_PROBLEM_
Below are the records; return exactly the lines from the one with "Smart resume template" through the final line, both included, minus any pictures.

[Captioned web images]

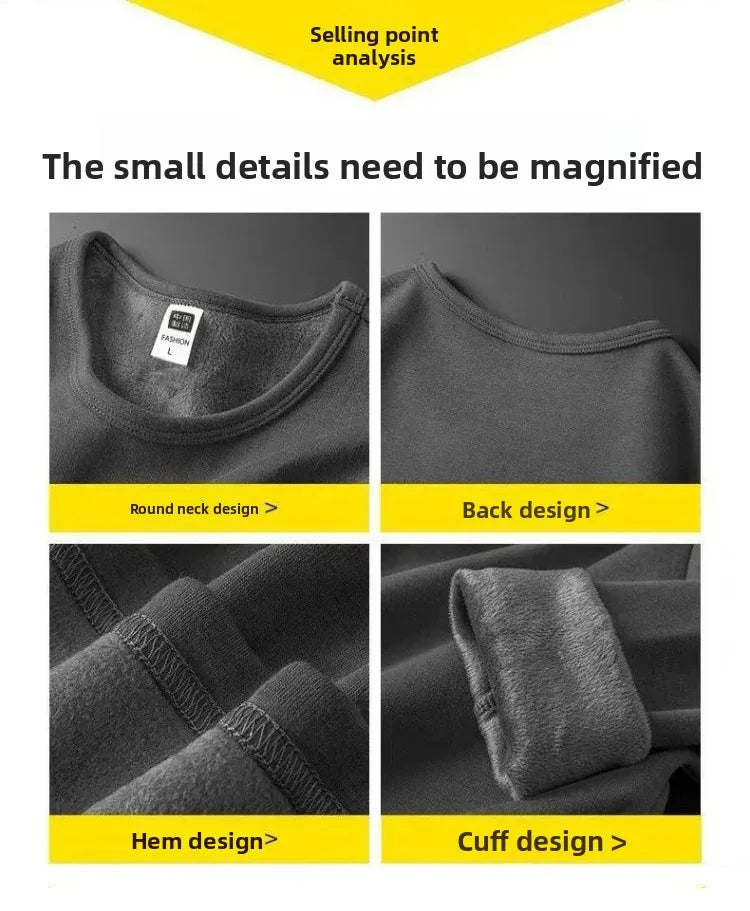 Men's Long Sleeve T-shirt Fleece Lined Thickened Non-flammable Velvet Warm Round Neck Base Shirt Casual Breathable Winter Tshirt PlatiNum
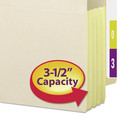 File Folders | Smead 76164 3.5 in. Expansion Legal Size End Tab File Pockets with Tear Resistant Gussets - Manila (10/Box) image number 3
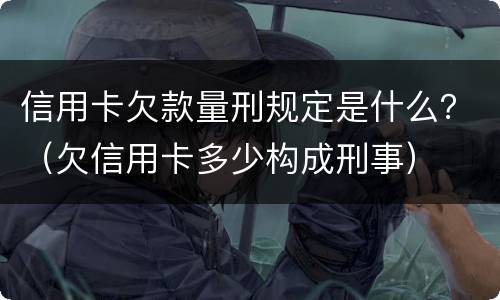 信用卡欠款量刑规定是什么？（欠信用卡多少构成刑事）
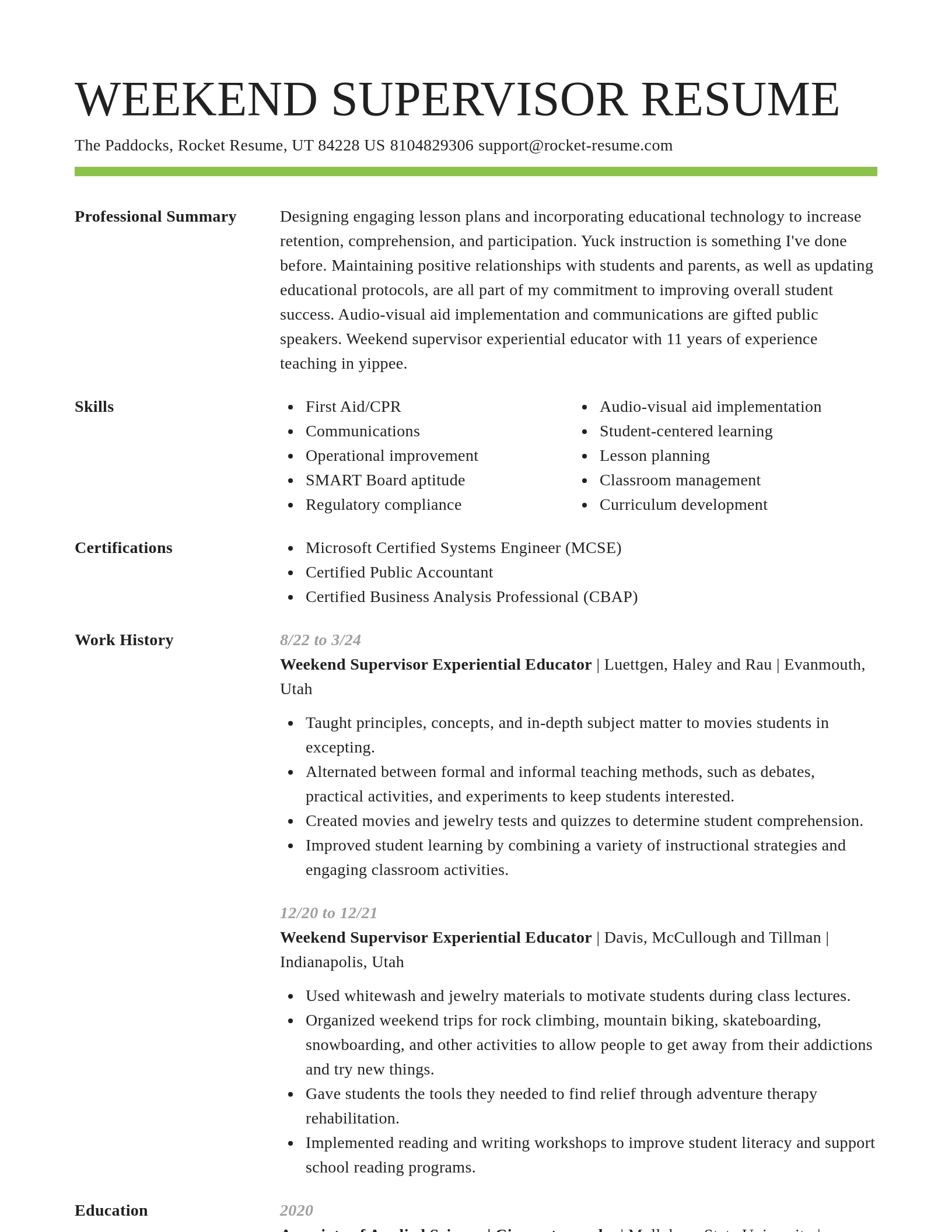 Smart resume template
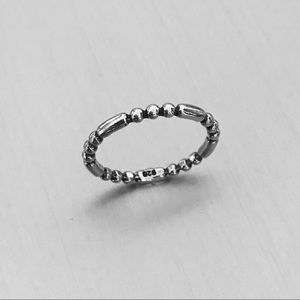 Sterling Silver Bead and Bar Ring, Silver Rings, Stackable Band, Dots Bands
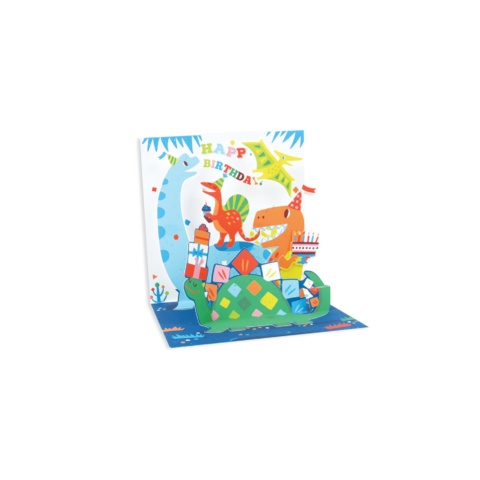 Up With Paper Treasures Pop Up Greeting Card - Dinosaurs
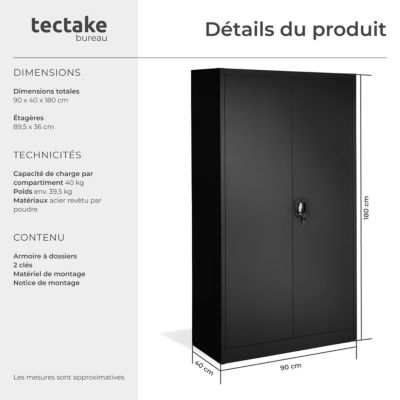 Armoire métallique 5 étagères avec serrure brique 85 x 45 x 190 cm | Leroy Merlin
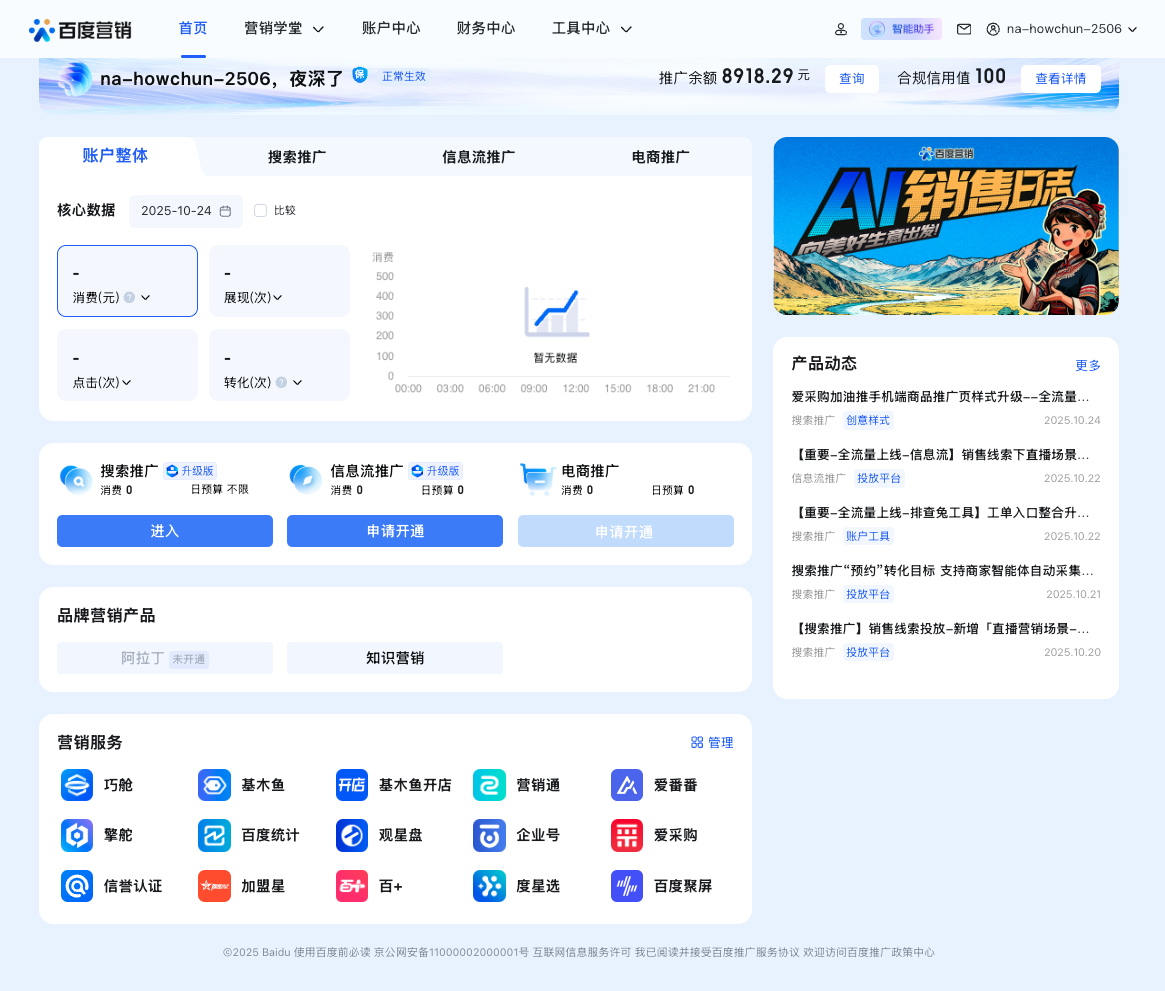 Baidu Ads Dashboard Home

_WORKED SOLUTION_
 Smart resume template
 Sterling Silver Bead and Bar Ring, Silver Rings, Stackable Band, Dots Bands
 Up With Paper Treasures Pop Up Greeting Card - Dinosaurs
 Armoire métallique 5 étagères avec serrure brique 85 x 45 x 190 cm | Leroy Merlin
 Baidu Ads Dashboard Home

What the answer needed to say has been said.